If we could make our gardens more friendly for wildlife that would help bees, butterflies and other pollinating insects, as well as introducing children to nature on their doorstep.

As part of my Developing Green Talent traineeship with the Wildlife Trust I’ve been working on a project to support our work championing wildlife and helping children to get closer to nature.

I’ve always had a soft spot for Sutton Courtenay Environmental Education Centre, on the outskirts of Didcot. This is a beautiful haven for wildlife and a fantastic natural space where children enjoy hands-on discovery of nature through sound, smell, touch and taste. With the help of experienced and locally-based volunteers I’ve developed a new Sensory Wildlife Garden at SCEEC. This will give children an intimate space where they can be immersed in the scents, textures, sounds and colours of plants, as well as providing new wildlife refuges especially for pollinating insects.

I worked with Ceri Cadwallader, environmental education manager at SCEEC, to design the Sensory Wildlife Garden, making it large enough for groups of children to explore, and small enough to inspire people to create a similar area in their own gardens at home.

Creating a garden on a nature reserve full of wildlife is a challenge!

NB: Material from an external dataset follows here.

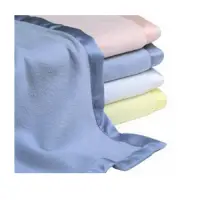 Polar Blankets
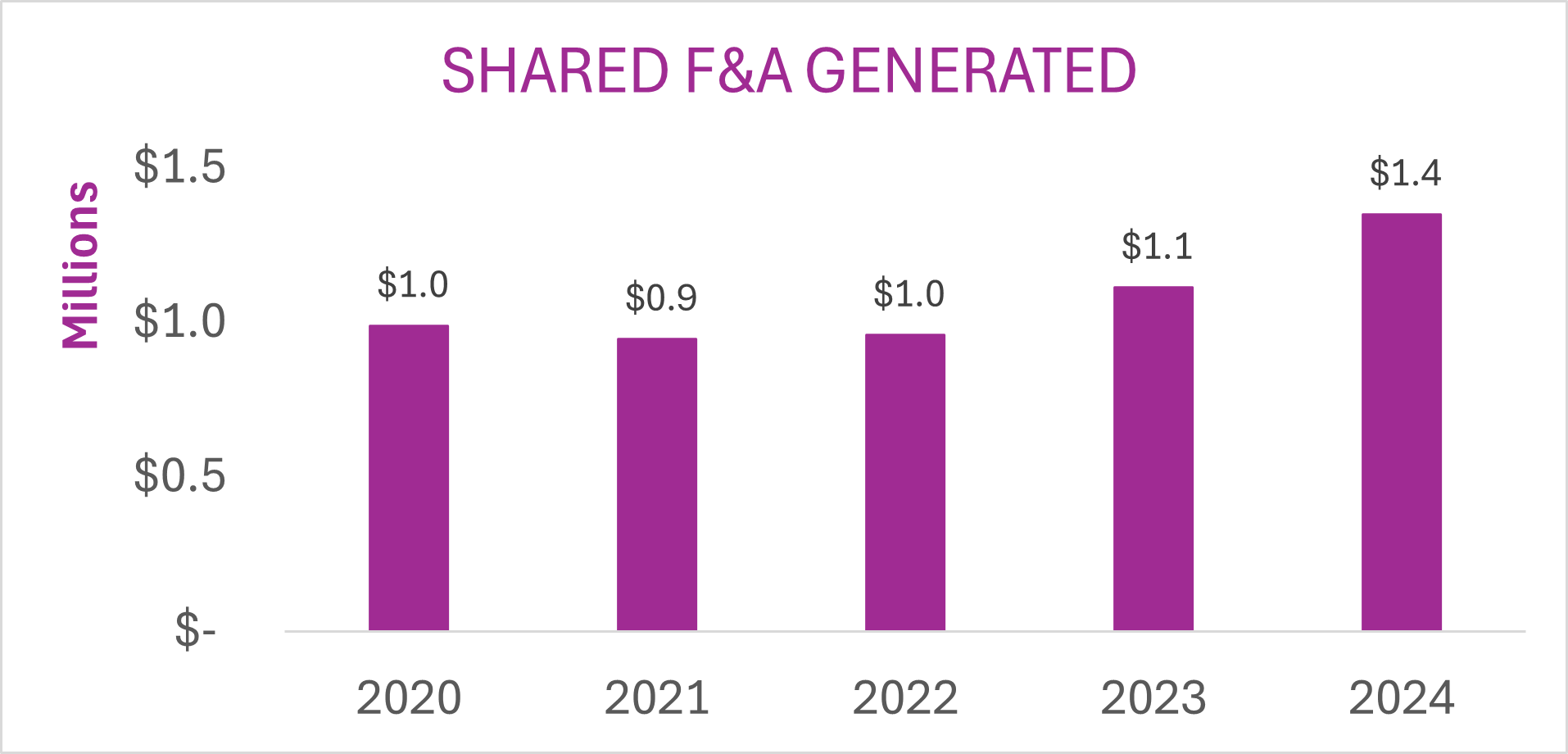 Chart of shared F&A funds.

Having found the right spot on the edge of the meadow that’s already used as an outdoor classroom, and close enough to the woodland and ponds for a variety of insects to be attracted to the plants, we then needed a rabbit-proof fence. This meant digging an 18-inch deep trench and lining it with chicken wire fencing to keep out the rabbits.

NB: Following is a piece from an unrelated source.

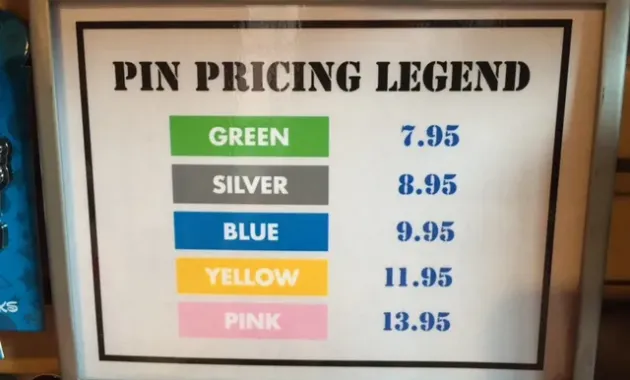 Disney Pin Color Pricing - Disney Pins Blog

To create a vibrant combination of plants we’ve built eight raised beds of different shapes and heights, each filled with different soil types that are appropriate to the plants that will soon be growing there.

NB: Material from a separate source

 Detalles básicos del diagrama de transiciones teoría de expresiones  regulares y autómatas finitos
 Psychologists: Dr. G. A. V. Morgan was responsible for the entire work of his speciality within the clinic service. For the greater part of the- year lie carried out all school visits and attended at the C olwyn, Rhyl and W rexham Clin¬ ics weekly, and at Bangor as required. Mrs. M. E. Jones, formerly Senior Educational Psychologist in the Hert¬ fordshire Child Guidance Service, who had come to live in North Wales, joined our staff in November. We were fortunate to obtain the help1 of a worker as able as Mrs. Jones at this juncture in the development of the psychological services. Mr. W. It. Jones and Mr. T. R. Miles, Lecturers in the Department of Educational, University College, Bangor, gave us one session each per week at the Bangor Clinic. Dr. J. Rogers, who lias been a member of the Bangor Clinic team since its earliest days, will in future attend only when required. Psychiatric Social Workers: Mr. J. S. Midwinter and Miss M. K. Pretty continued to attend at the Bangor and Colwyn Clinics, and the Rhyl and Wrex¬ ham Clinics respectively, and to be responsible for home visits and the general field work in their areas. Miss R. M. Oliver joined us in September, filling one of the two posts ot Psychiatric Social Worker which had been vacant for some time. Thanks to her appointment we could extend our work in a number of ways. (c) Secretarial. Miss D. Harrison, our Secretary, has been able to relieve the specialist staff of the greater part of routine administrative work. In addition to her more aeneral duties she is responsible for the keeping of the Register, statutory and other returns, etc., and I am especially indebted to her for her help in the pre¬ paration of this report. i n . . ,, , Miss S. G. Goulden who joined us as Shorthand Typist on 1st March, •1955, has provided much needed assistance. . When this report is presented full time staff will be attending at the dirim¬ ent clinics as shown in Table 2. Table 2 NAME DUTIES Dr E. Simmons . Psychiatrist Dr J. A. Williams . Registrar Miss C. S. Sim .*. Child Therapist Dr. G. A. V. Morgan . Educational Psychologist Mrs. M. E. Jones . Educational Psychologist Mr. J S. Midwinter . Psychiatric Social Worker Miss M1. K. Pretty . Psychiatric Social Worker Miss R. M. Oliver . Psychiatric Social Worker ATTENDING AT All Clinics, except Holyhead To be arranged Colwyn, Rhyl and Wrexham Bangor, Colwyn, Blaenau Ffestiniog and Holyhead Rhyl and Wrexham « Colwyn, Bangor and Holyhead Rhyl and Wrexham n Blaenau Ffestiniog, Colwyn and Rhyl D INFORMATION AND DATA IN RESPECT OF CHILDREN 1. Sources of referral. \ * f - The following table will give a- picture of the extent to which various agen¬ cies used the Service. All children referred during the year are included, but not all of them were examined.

Herbs with pungent leaves, like the low-growing evergreen thymes, prefer dry conditions, and wild marjoram grows into spreading bushes on well-drained chalky soils. Rosemary, one of the earliest flowering herbs, prefers a dry and sunny spot where it can grow tall. During the summer children will be able to brush by these herbs to appreciate the different aromatic scents, and watch bees and butterflies feeding on the flowers’ nectar.

More than 5,500 children visit Sutton Courtenay Environmental Education Centre every year, usually in school groups where they’re learning about nature at the same time as following National Curriculum subjects.

The Sensory Wildlife Garden will create colour and interest, food and shelter for wildlife, natural stimulation for the senses and help the children to discover how different plants grow. Perennials such as ice plant or sedum are just as good for wildlife as tall hemp agrimony and sunflowers that flower from seed.

Children and wildlife love colourful plants such as the bright blue flowers of borage, that are very attractive to bumblebees, and the rattling seed heads of nigella that sound like mini-maracas.

The project to design the garden from scratch, make it rabbit-proof, build and fill the raised beds has been a ‘vertical learning curve’ for me and I couldn’t have done it without the help of our fantastic volunteers. Wildlife gardening, salvage and cele-brating the sensory nature of plants is right up my street and I hope the Sensory Wildlife Garden will prove to be a hit with visiting children.